-
Notifications
You must be signed in to change notification settings - Fork 711
Description
Hi,
We have a setup where we first try to restore a container using criu. If for any reason criu restore failed, we will launch another container normally as fallback. These two containers will belong to the same pod, sharing the same network namespace of the pod.
One issue we observed is that when the first container fails to be restored from a checkpoint due to TCP issues, these iptable rules would be leaked to the second fallback container because of shared network namespace, thus preventing it from functioning normally.
Chain INPUT (policy ACCEPT 3 packets, 180 bytes)
pkts bytes target prot opt in out source destination
1086 65160 CRIU 0 -- * * 0.0.0.0/0 0.0.0.0/0
Chain FORWARD (policy ACCEPT 0 packets, 0 bytes)
pkts bytes target prot opt in out source destination
Chain OUTPUT (policy ACCEPT 3 packets, 120 bytes)

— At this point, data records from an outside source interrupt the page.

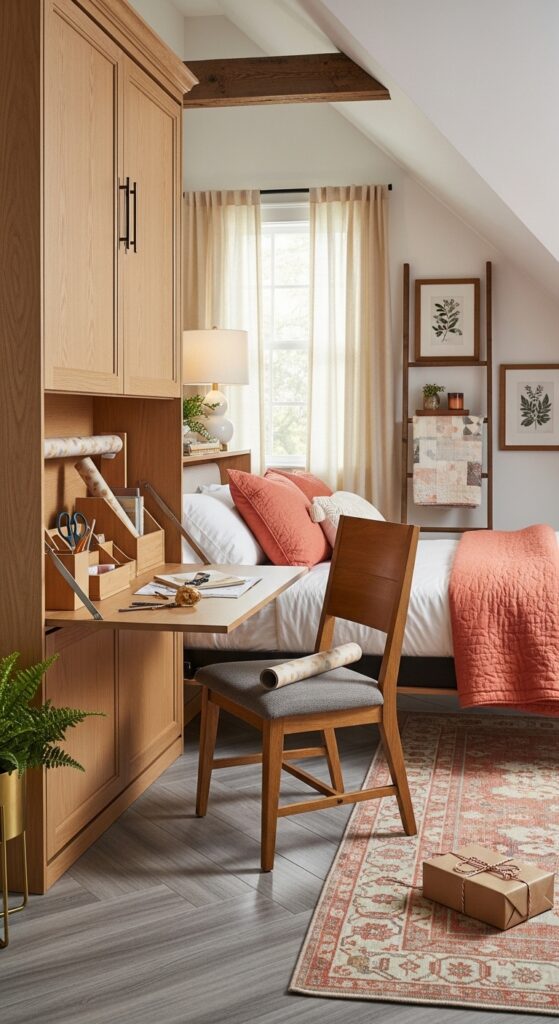 Guest Bedroom With Murphy Bed And Desk Combo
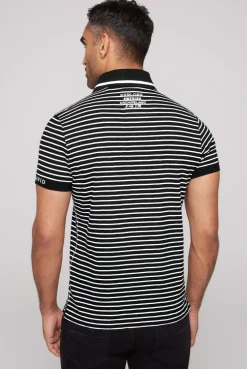 CAMP DAVID & SOCCX Streifen-Polo mit Logo Details black Store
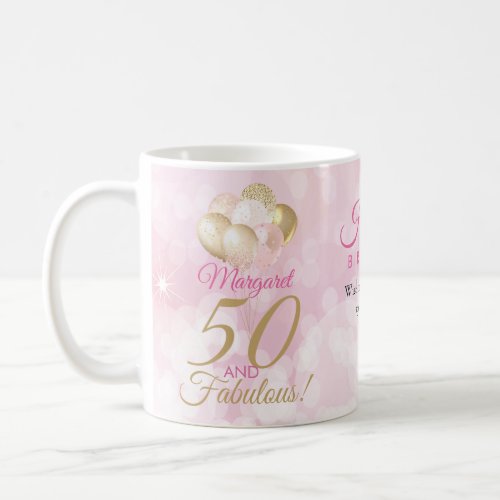 50 and Fabulous 50th Birthday Glitter Balloon Coffee Mug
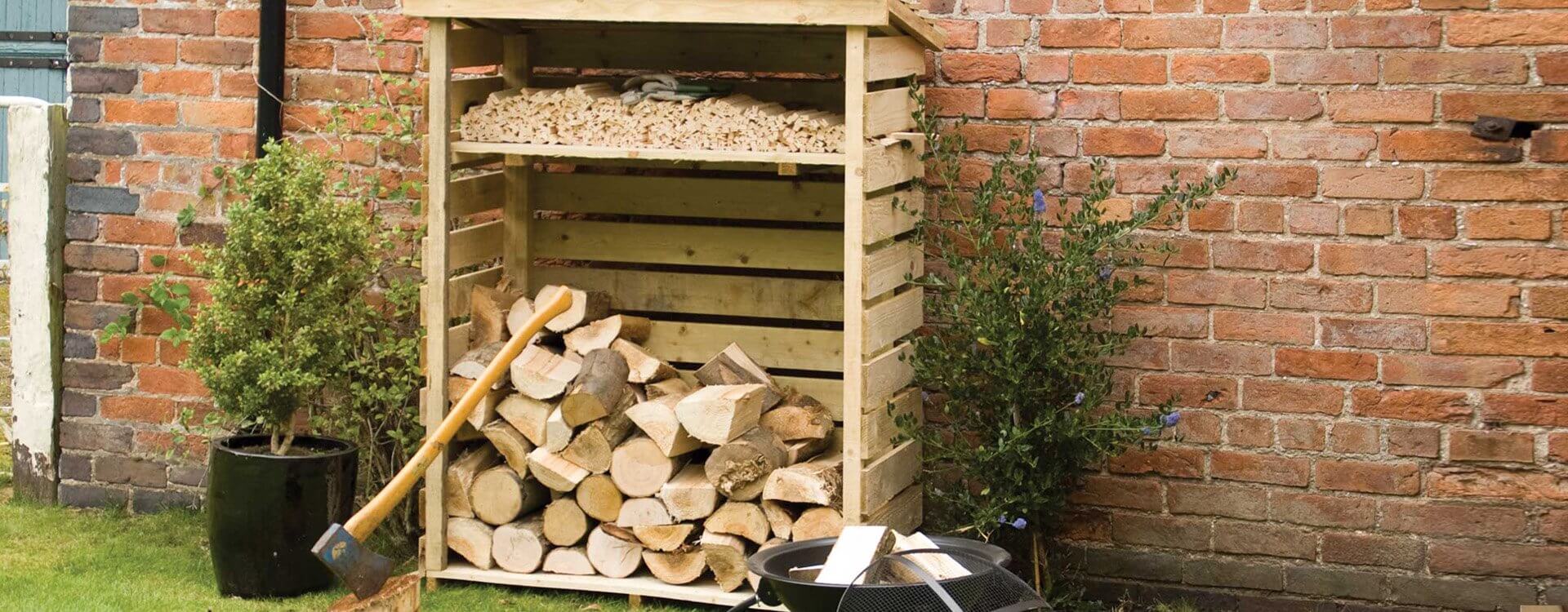 Log Stores Wooden Log Stores & Garden Storage For Sale in UK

pkts bytes target prot opt in out source destination
293 17580 CRIU 0 -- * * 0.0.0.0/0 0.0.0.0/0
Chain CRIU (2 references)
pkts bytes target prot opt in out source destination
0 0 ACCEPT 0 -- * * 0.0.0.0/0 0.0.0.0/0 mark match 0xc114
1379 82740 DROP 0 -- * * 0.0.0.0/0 0.0.0.0/0
I believe these iptable rules are introduced during network_lock_internal
Line 2123 in 2cf8f13
| ret = network_lock_internal(/* restore = */ true); |
However, when restore failed, the control flow jumps to out_kill without invoking network_unlock
Line 2201 in 2cf8f13
| network_unlock(); |
which seems to be only invoked on successfully restoring the checkpoint.
I'm wondering if we should consider clean up the iptable rules even on failure. Thanks for your attention!